From Book 3, Chapter 3: Social Morality
The first thing to get clear about Christian morality between man and man is that in this department Christ did not come to preach any brand new morality. The Golden Rule of the New Testament (Do as you would be done by) is a summing up of what everyone, at bottom, had always known to be right. Really great moral teachers never do introduce new moralities: it is quacks and cranks who do that.
From Book 3, Chapter 5: Sexual Morality
The Christian rule of chastity must not be confused with the social rule of "modesty" (in one sense of that word); i.e. propriety, or decency. The social rule of propriety lays down how much of the human body should be displayed and what subjects can be referred to, and in what words, according to the customs of a given social circle. Thus, while the rule of chastity is the same for all Christians at all times, the rule of propriety changes. A girl in the Pacific islands wearing hardly any clothes and a Victorian lady completely covered in clothes might both be equally "modest," proper, or decent, according to the standards of their own societies: and both, for all we could tell by their dress, might be equally chaste (or equally unchaste). Some of the language which chaste women used in Shakespeare's time would have been used in the nineteenth century only by a woman completely abandoned. When people break the rule of propriety current in their own time and place, if they do so in order to excite lust in themselves or others, then they are offending against chastity. But if they break it through ignorance or carelessness they are guilty only of bad manners. When, as often happens, they break it defiantly in order to shock or embarrass others, they are not necessarily being unchaste, but they are being uncharitable: for it is uncharitable to take pleasure in making other people uncomfortable. I do not think that a very strict or fussy standard of propriety is any proof of chastity or any help to it, and I therefore regard the great relaxation and simplifying of the rule which has taken place in my own lifetime as a good thing. At its present stage, however, it has this inconvenience, that people of different ages and different types do not all acknowledge the same standard, and we hardly know where we are. While this confusion lasts I think that old, or old-fashioned, people should be very careful not to assume that young or "emancipated" people are corrupt whenever they are (by the old standard) improper; and, in return, that young people should not call their elders prudes or puritans because they do not easily adopt the new standard. A real desire to believe all the good you can of others and to make others as comfortable as you can will solve most of the problems.

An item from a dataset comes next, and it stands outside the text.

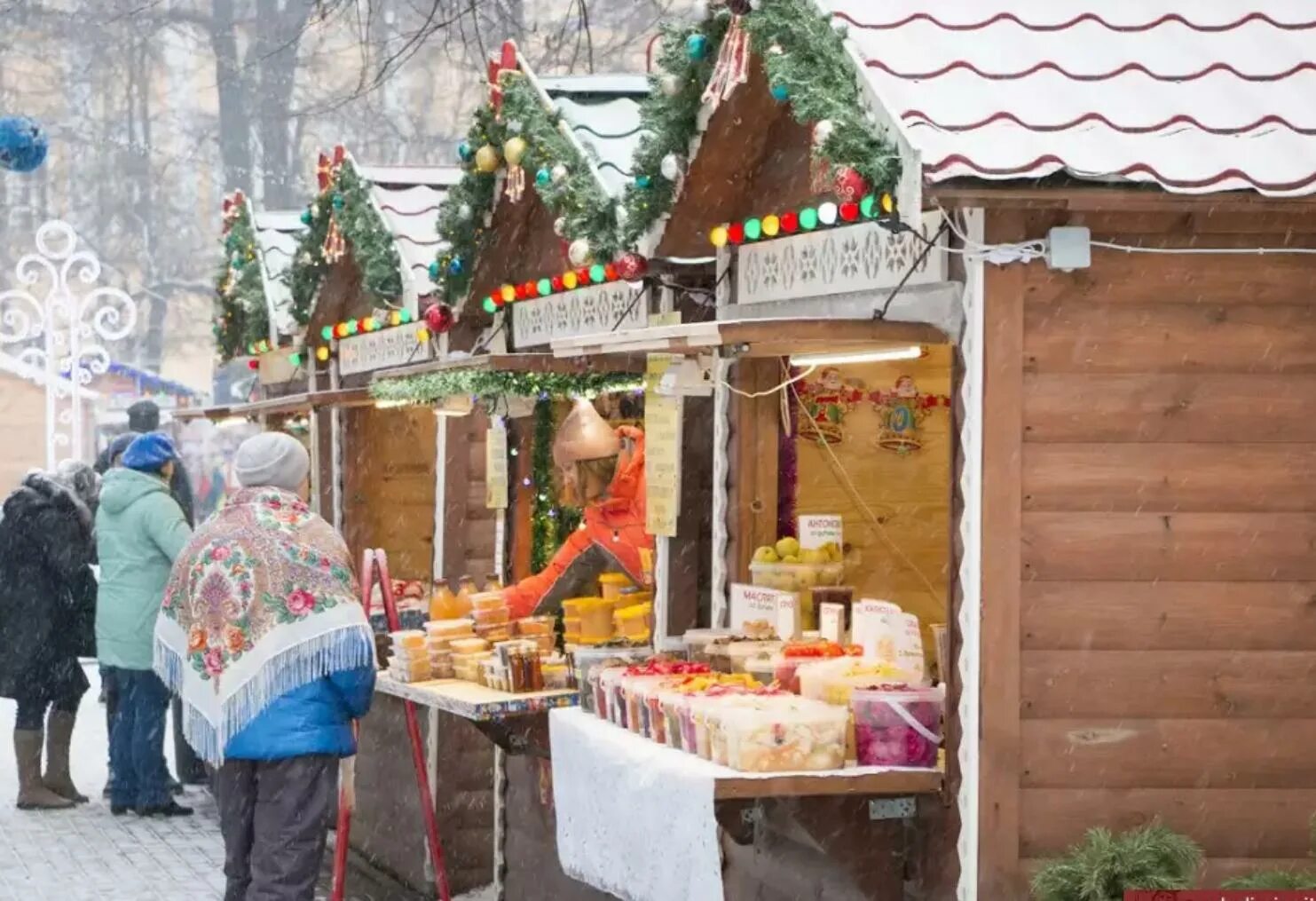 Ярмарка в новогоднюю ночь. Соборная площадь владимир новогодняя ярмарка. рождественская ярмарка во владимире. рождественская ярмарка во владимире 2018. зимняя ярмарка.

Reading this out of context might lead one to think that Lewis would approve of the relaxations of the rule of chastity itself that have taken place since his time; I think it's clear that he would not. He remains firm on chastity—it's modesty or propriety he considers flexible. What struck me was the part I highlighted, with regard to language, and it works both ways. I should think better than I do of young people who use casually (and frequently!) language that not that long ago marked one as scum of the earth, and I wish they would think more kindly of their elders who grew up in a time when certain racial terms, now only used by the "scum of the earth," were in many circles considered normal and not improper. "A real desire to believe all the good you can of others and to make others as comfortable as you can will solve most of the problems" would do the job well.
You can get a large audience together for a strip-tease act—that is, to watch a girl undress on the stage. Now suppose you came to a country where you could fill a theatre by simply bringing a covered plate on to the stage and then slowly lifting the cover so as to let every one see, just before the lights went out, that it contained a mutton chop or a bit of bacon, would you not think that in that country something had gone wrong with the appetite for food? And would not anyone who had grown up in a different world think there was something equally queer about the state of the sex instinct among us?

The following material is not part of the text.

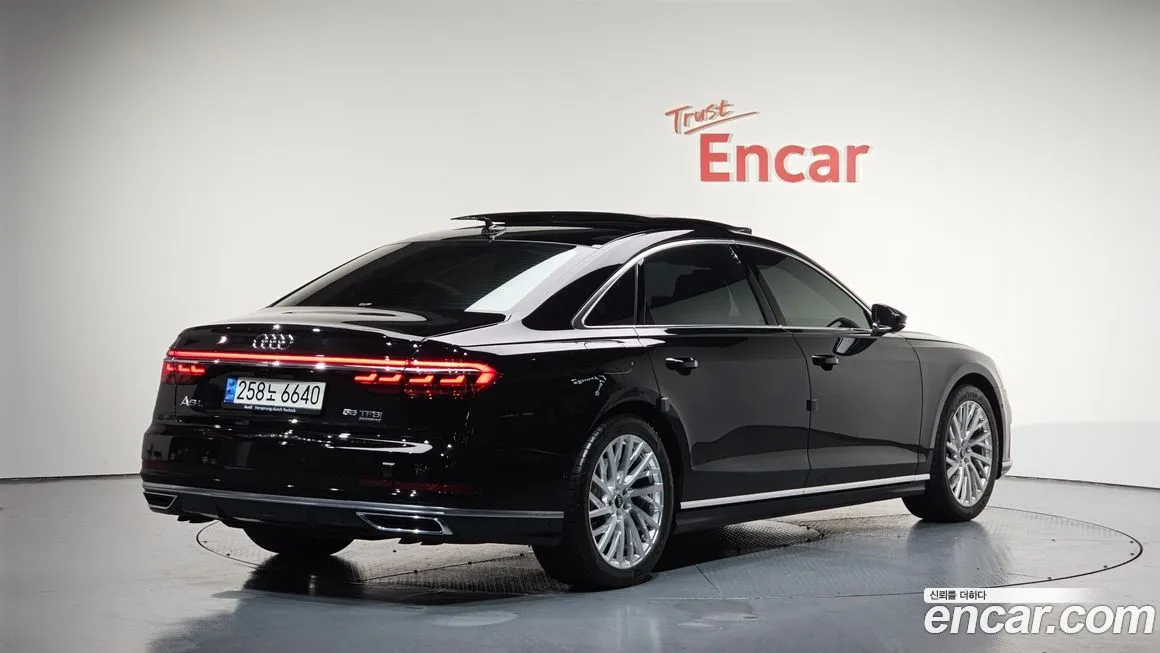Audi A8 2021 из KR, фото 2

...There is nothing to be ashamed of in enjoying your food: there would be everything to be ashamed of if half the world made food the main interest of their lives and spent their time looking at pictures of food and dribbling and smacking their lips. I do not say you and I are individually responsible for the present situation. Our ancestors have handed over to us organisms which are warped in this respect: and we grow up surrounded by propaganda in favour of unchastity. There are people who want to keep our sex instinct inflamed in order to make money out of us. Because, of course, a man with an obsession is a man who has very little sales-resistance. God knows our situation; He will not judge us as if we had no difficulties to overcome. What matters is the sincerity and perseverance of our will to overcome them.

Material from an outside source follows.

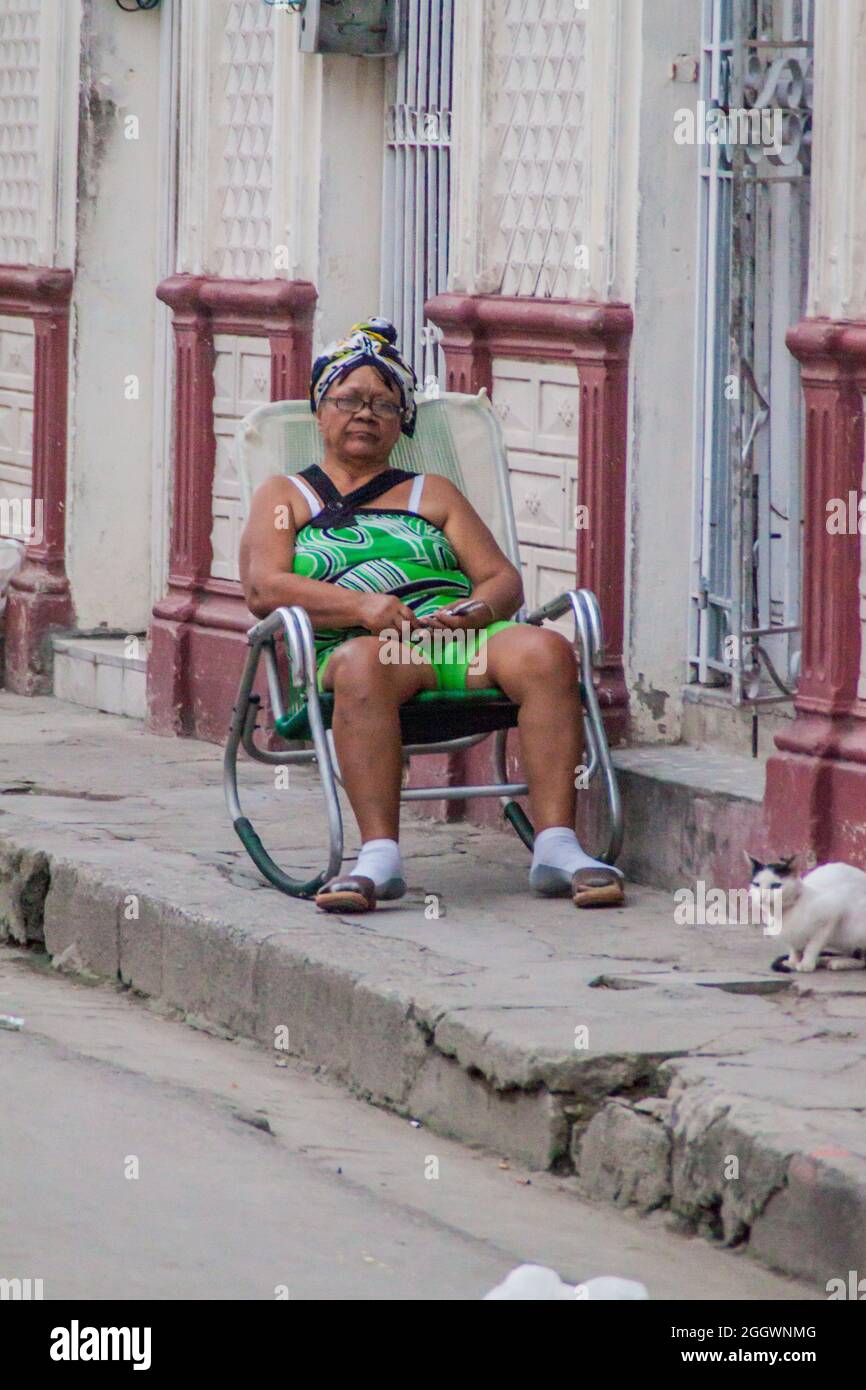 LAS TUNAS, KUBA - 27. JAN 2016: Die alte Frau sitzt auf einer Straße in Las Tunas. Stockfoto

I've heard before the comparison of our appetite for sex and our appetite for food; what I note now is how much the latter is now veering off course as well. We may not actually have food stripteases, but I've seen cooking shows and food videos and bizarre recipes that could almost be called food pornography. There's more to food than nutrition, just as there's more to sex than reproduction, but when the basic purpose of an appetite is almost forgotten, and when any instinct is kept inflamed for profit—it's a sure sign we're on the wrong track.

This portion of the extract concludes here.